- _Activity_
Your copy of the entries below should hold exactly the lines from the one containing "Botanická burza" to the one containing "Lomandra multiflora multiflora", inclusive, and no pictures.

- _Material for this exercise_
* * * *

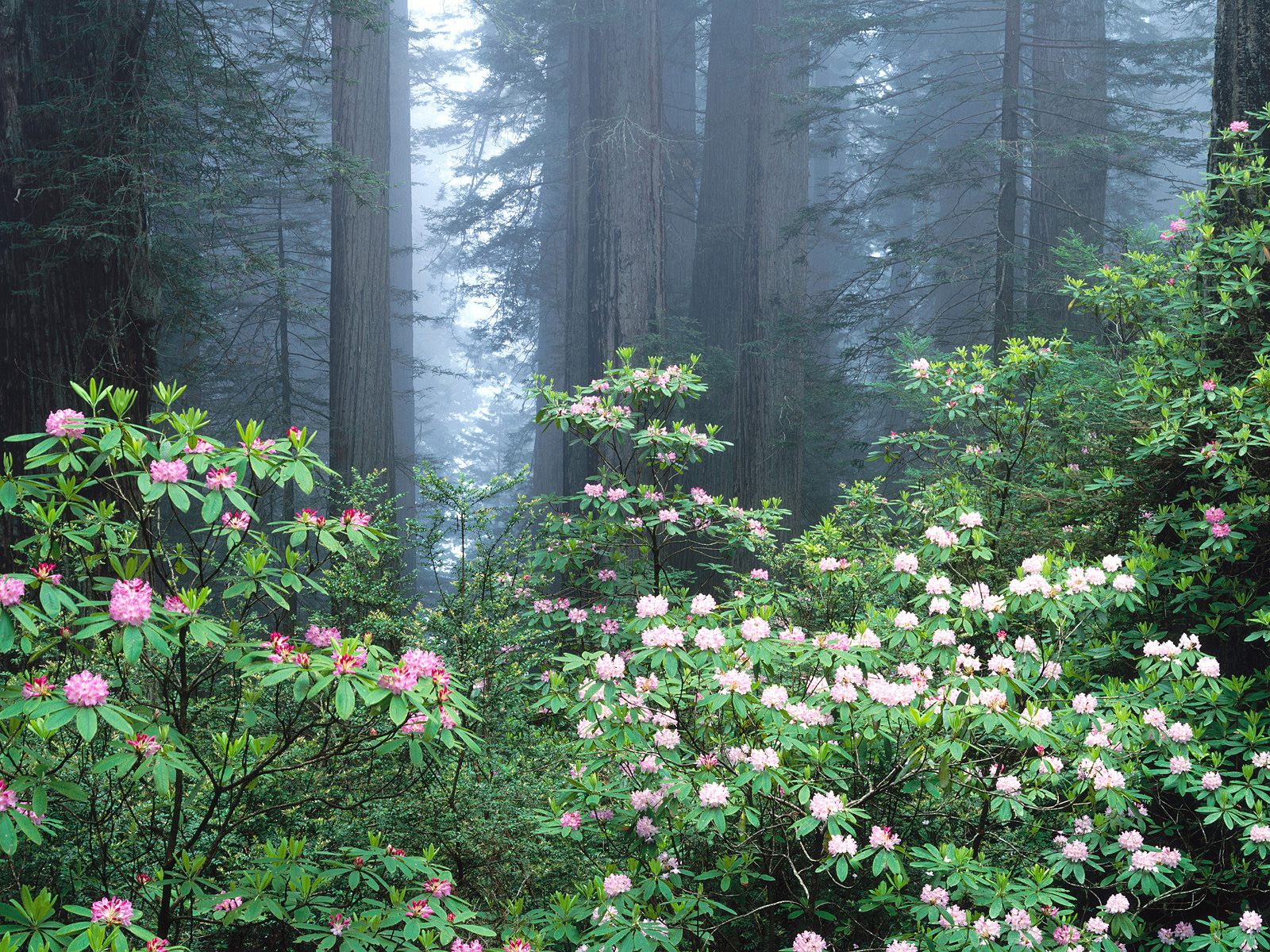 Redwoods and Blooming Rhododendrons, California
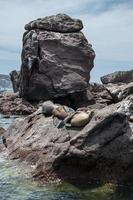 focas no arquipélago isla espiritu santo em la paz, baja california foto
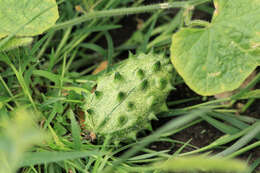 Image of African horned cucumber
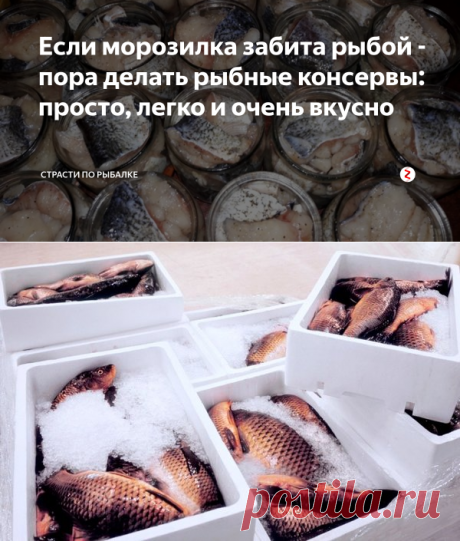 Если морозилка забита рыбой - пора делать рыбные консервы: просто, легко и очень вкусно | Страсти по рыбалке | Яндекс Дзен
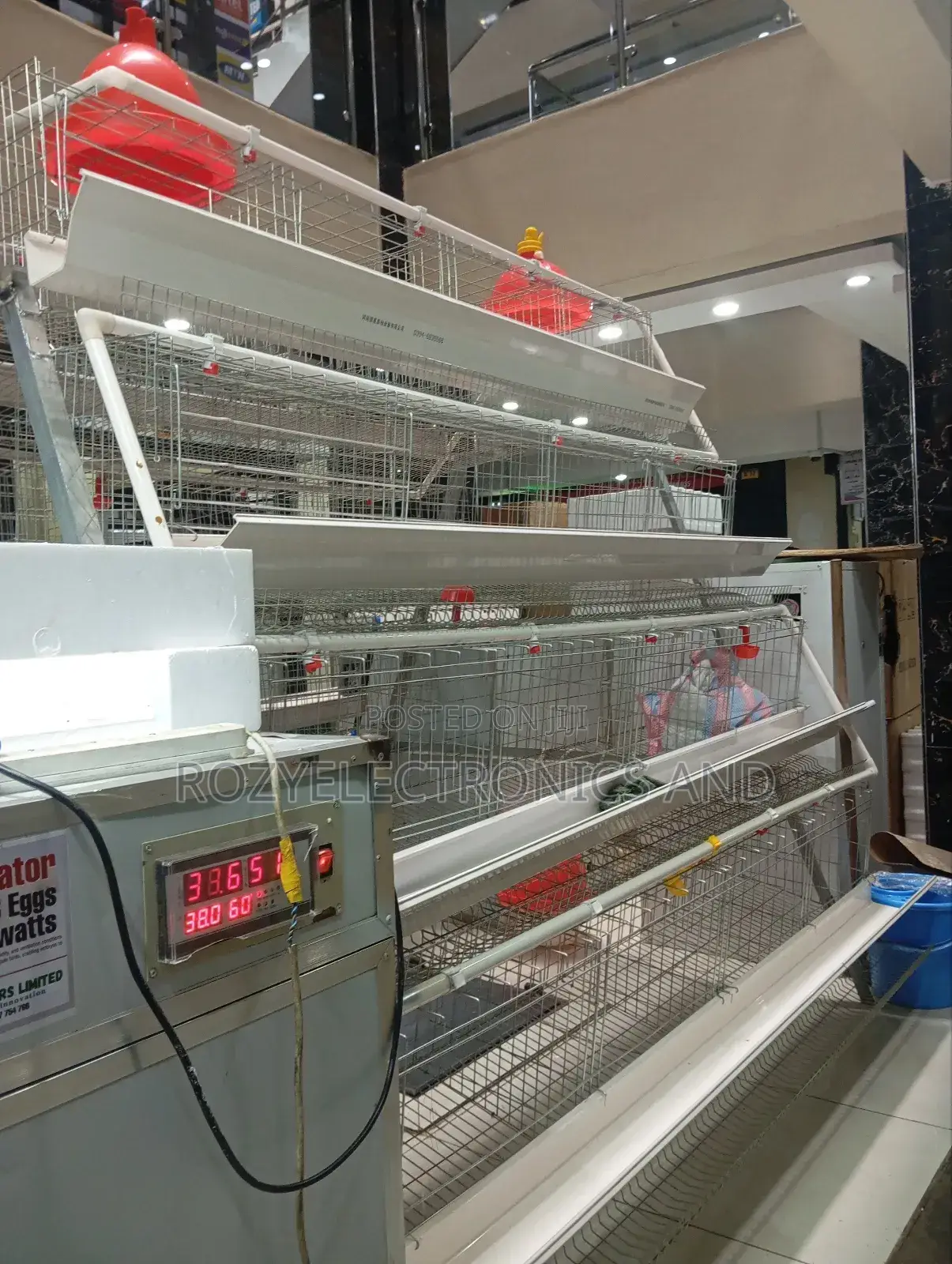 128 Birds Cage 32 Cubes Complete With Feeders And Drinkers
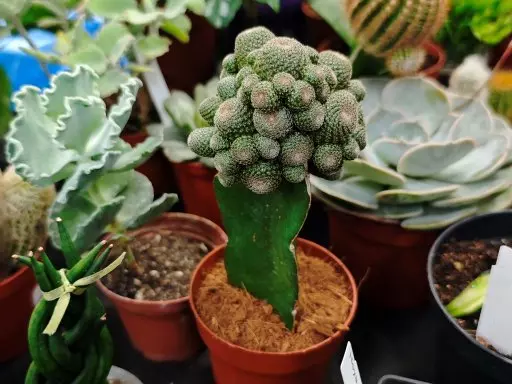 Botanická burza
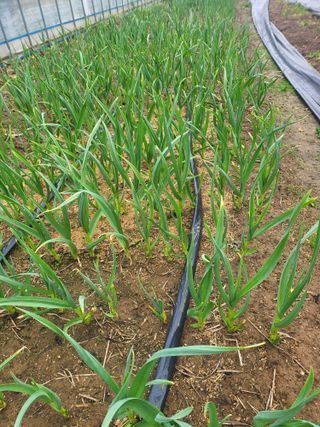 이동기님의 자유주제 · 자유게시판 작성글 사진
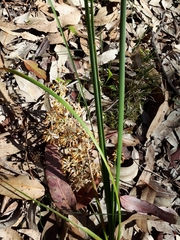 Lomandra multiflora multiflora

* * * *

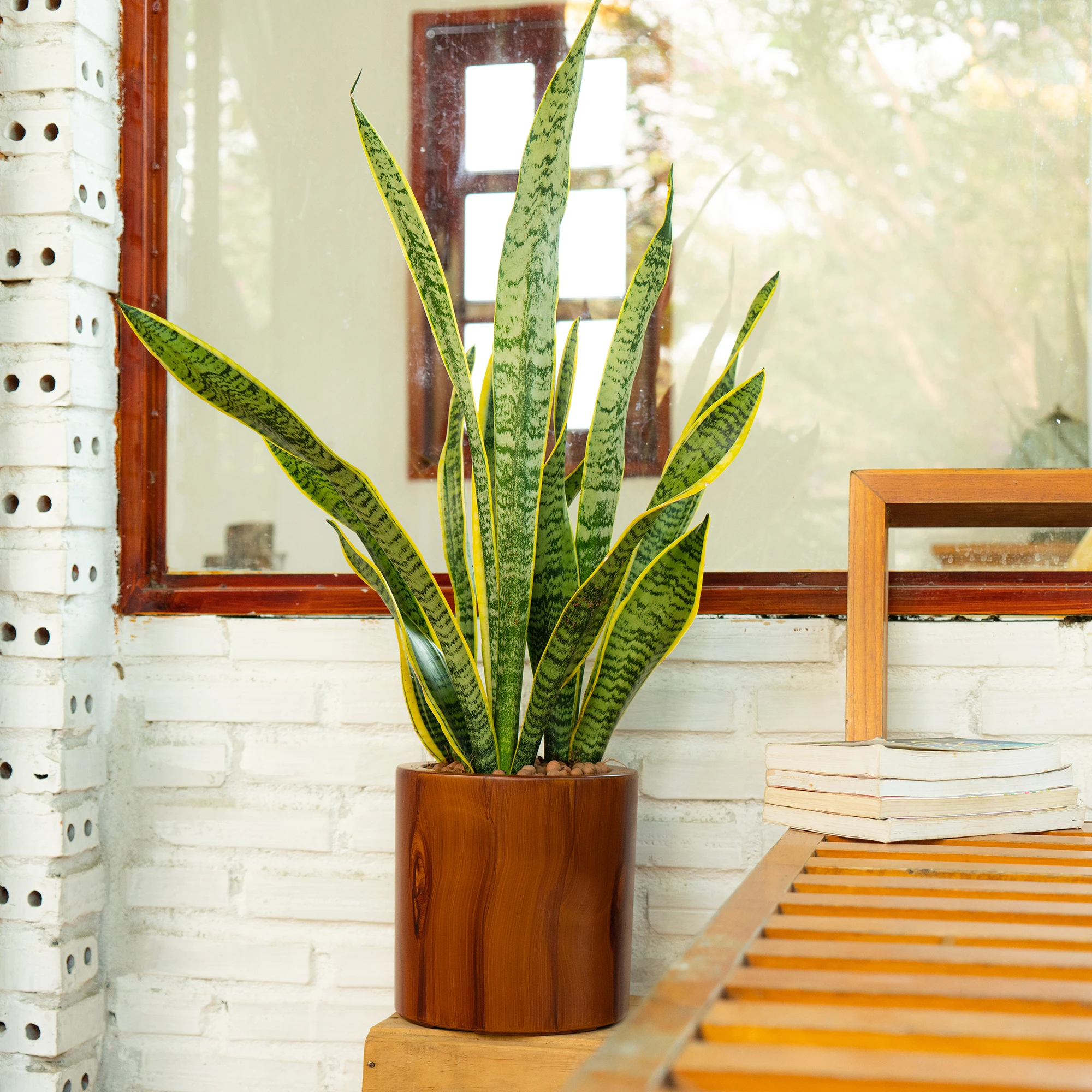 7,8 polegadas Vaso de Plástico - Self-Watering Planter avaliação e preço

* * * *

- _Task answer_
 Botanická burza
 이동기님의 자유주제 · 자유게시판 작성글 사진
 Lomandra multiflora multiflora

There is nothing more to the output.